In Mannbarkeitsriten (1980) and Angst und Vorurteil (1989), Bleibtreu-Ehrenberg further chronicles the re-enforcing influence of Western colonialism when Indo-European cultures began globally expanding from the Age of Discovery and Age of Conquests on, thus explorers and conquerors again came upon Shamanic cultures partly involving ritual fertility and sexual cults, and Europe simultaneously encountered the wide spread of syphilis through these new cross-cultural contacts just when modern science began to dawn.

These processes also fostered ethnocentric beliefs of Indo-European moral superiority over "uncivilized", sensual, and "filthy" "savages" (see for instance the saying of the White man's burden of being morally obliged to "civilize" non-Westerners), social and ethnic "aliens", and marginalized minorities in a complex process of interior socio-psychological, cultural structuring of human sensual desires on the one hand, and foreign political and military colonialism of these desires on the other hand.
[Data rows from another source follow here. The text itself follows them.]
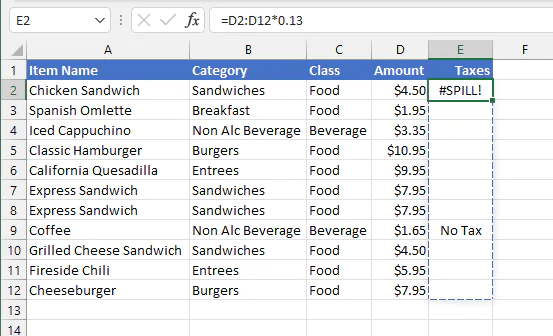 GoSkills common Excel errors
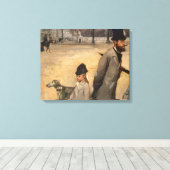 Edgar Degas | Place de la Concorde, 1875 Canvas Afdruk (Insitu (Houten vloer))
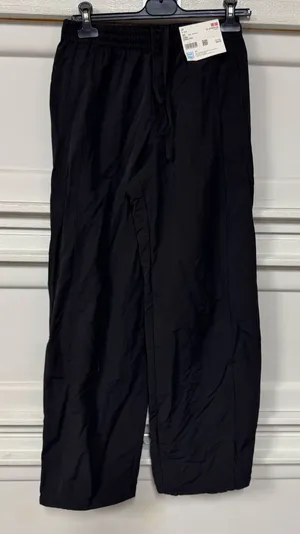 Uniqlo Women’s Geared Pants Black XS New Wide Leg thumbnail 1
Thus, in all three books (Tabu Homosexualität, Mannbarkeitsriten, and Angst und Vorurteil) Bleibtreu-Ehrenberg alludes to cultural anthropology works such as The Origins of Totalitarianism by Hannah Arendt, Freud's Civilization and Its Discontents, Herbert Marcuse's Eros and Civilization, Critical Theory's Dialectic of Enlightenment and The Authoritarian Personality, or The Civilizing Process by Norbert Elias.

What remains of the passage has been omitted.